Combating VAT fraud: What Telcos can learn from RA best practices to achieve regulatory compliance

Carlos Marques, ‎head of product marketing, WeDo
Technologies

Following numerous indicators within the telecoms sector that criminals could exploit the industry to carry out tax fraud, HM Revenue & Customs (HMRC) recently switched the responsibility for collecting VAT from the suppliers of wholesale telecoms services to their customers, in an attempt to remove the opportunity for fraudsters to embezzle the tax paid.

This development will impact a wide range of businesses that buy or sell wholesale telecommunications services in the UK, including airtime carriers, network operators, message hubbing providers, Short Messaging Service (SMS) and voice aggregators, says Carlos Marques, ‎head of product marketing at WeDo Technologies.

The challenge for businesses now is in using the news as an opportunity to extend automated auditing controls specifically designed for Fraud Management (FM), Revenue Assurance (RA) and compliance issues, in order to effectively monitor risk management and combat fraud.

With compliance and risk management requirements affecting an increasing number of business processes within the telecom industry, many specialised Revenue Assurance and Fraud Management processes can be extended to new areas such as the Revenue and Customs Brief 1 (2016): VAT- domestic reverse charge for businesses wholesaling telecommunication services, which is now being designed solely to meet telecom industry specific requirements and challenges.

Yet as various compliance initiatives become further intertwined from regulatory and organisational perspectives, the attentive use of manual or departmental tools for compliance can lead to inefficiency within the overall process.
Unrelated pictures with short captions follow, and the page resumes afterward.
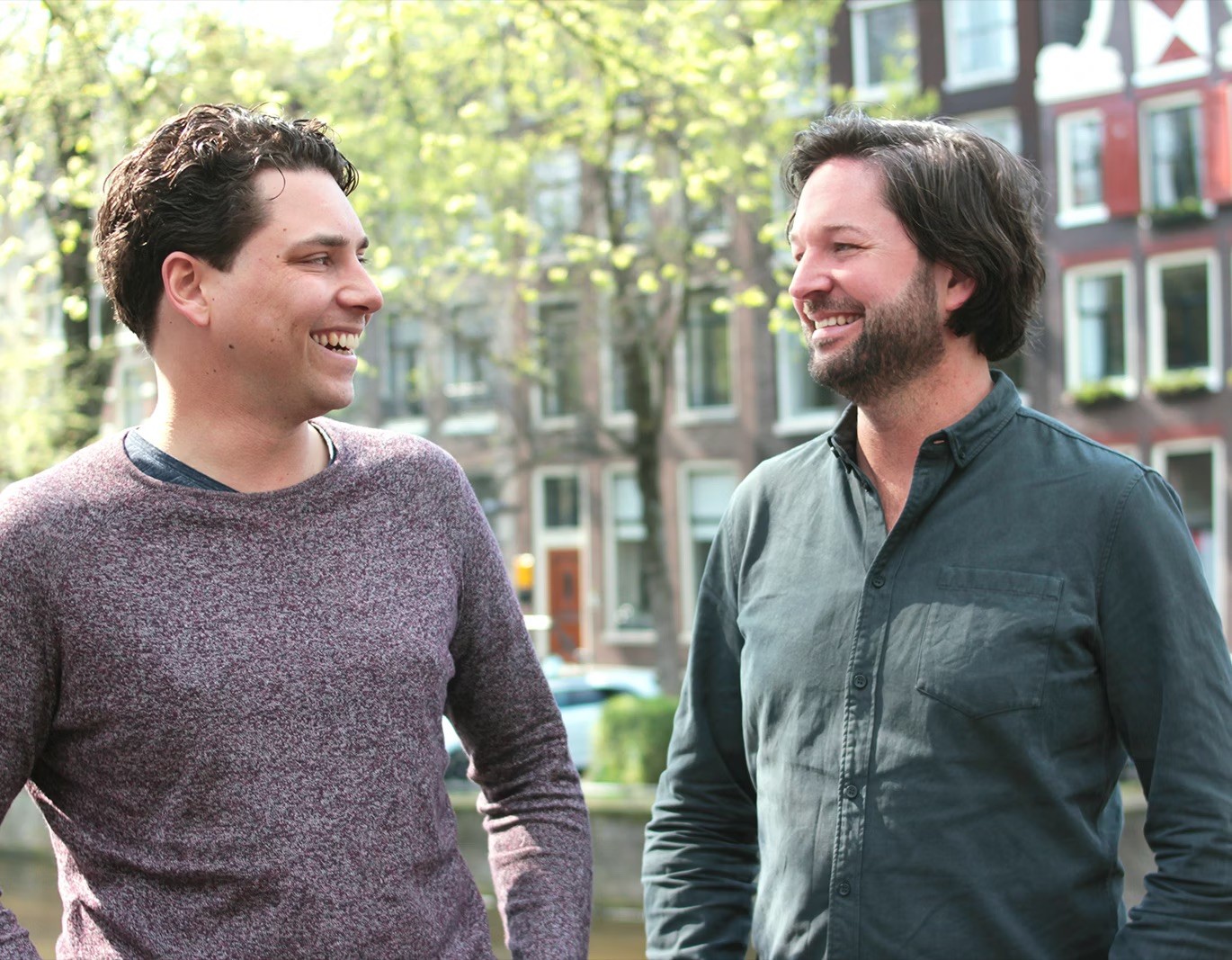 Meet: developers Xander & Diederik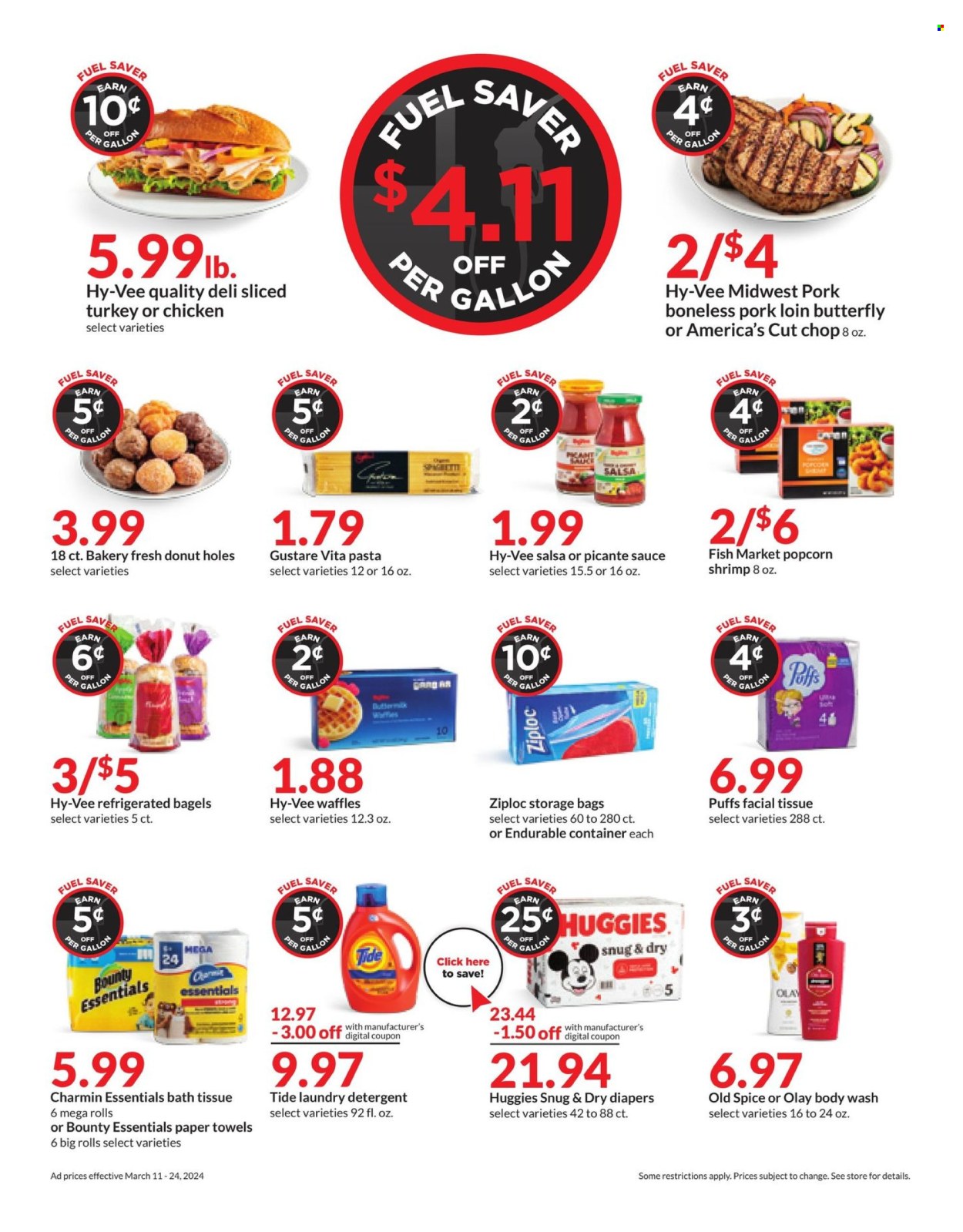 Hy-Vee ad - 03/11/2024 - 03/24/2024. Page 3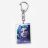Брелок League Of Legends Arcane Jinx Anime Acrylic keychain Лига Легенд Джинкс 3
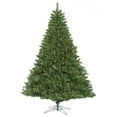 thumbnail image 1 of Oregon Fir Wide Angle Christmas Tree with Warm White LED Lights, 4.5 ft. x 39 in., 1 of 1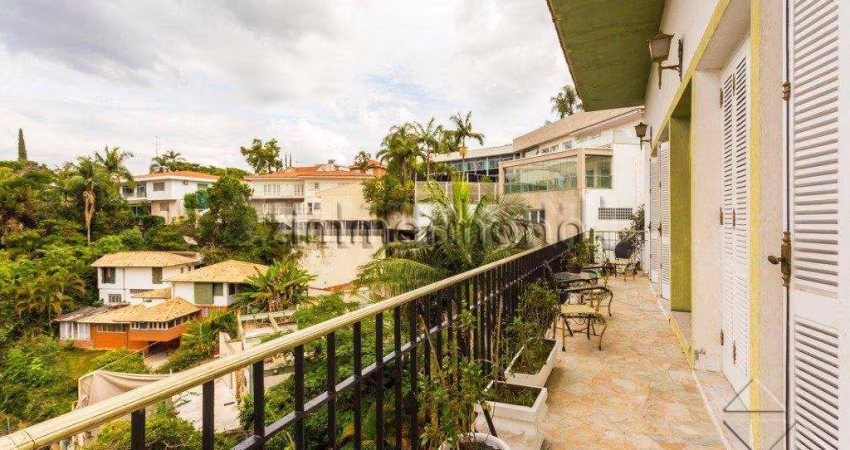 Casa com 4 quartos à venda na Rua Doutor Manoel Maria Tourinho, --, Pacaembu, São Paulo
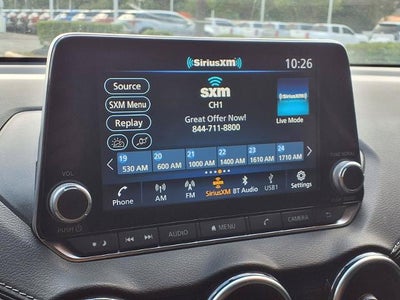 2022 Nissan Sentra SV Xtronic CVT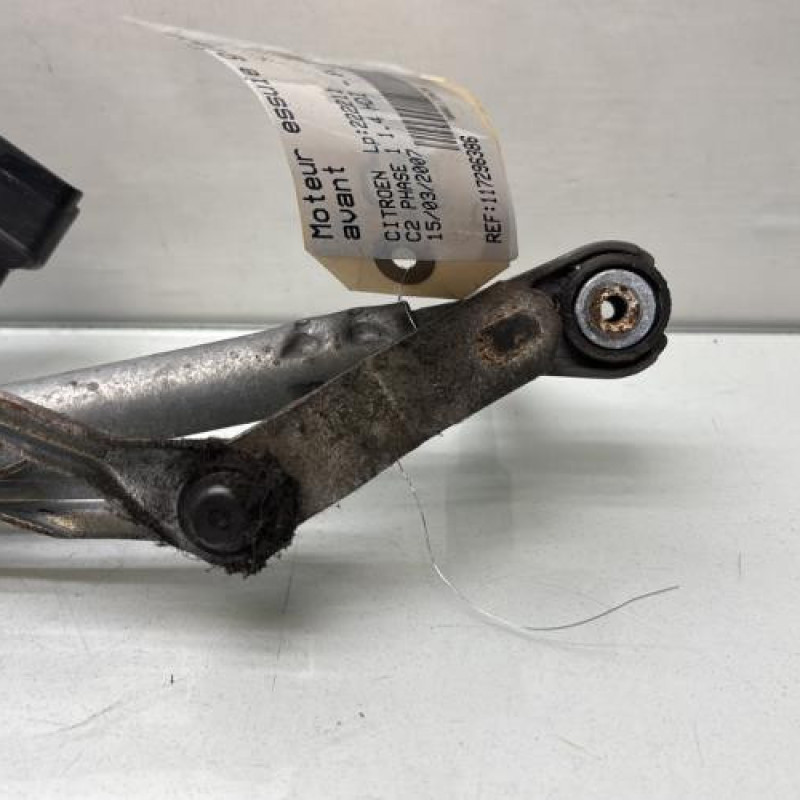Moteur essuie glace avant CITROEN C2 Photo n°5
Such situations do not provide clear visibility into an organisations’ risk and compliance status, and can also escalate the cost.

As operators continue to face these highly-sophisticated and complex VAT threats, combined with various compliance initiatives, we believe the answer lies in an integrated approach that includes the successful tracking and application of data. By providing automated auditing software controls, earlier access to information and reducing complexity, operators will be able to mitigate business risks that may lead to revenue leakages or fraud losses through an automated control and continuous monitoring approach.

Using this approach, operators will be able to capture and analyse data across multiple systems, extend tax auditing requirements and identify and act upon areas that are prone to, or have the potential to incur losses, ultimately protecting the bottom line.

The author of this blog is Carlos Marques, ‎head of product marketing, WeDo Technologies.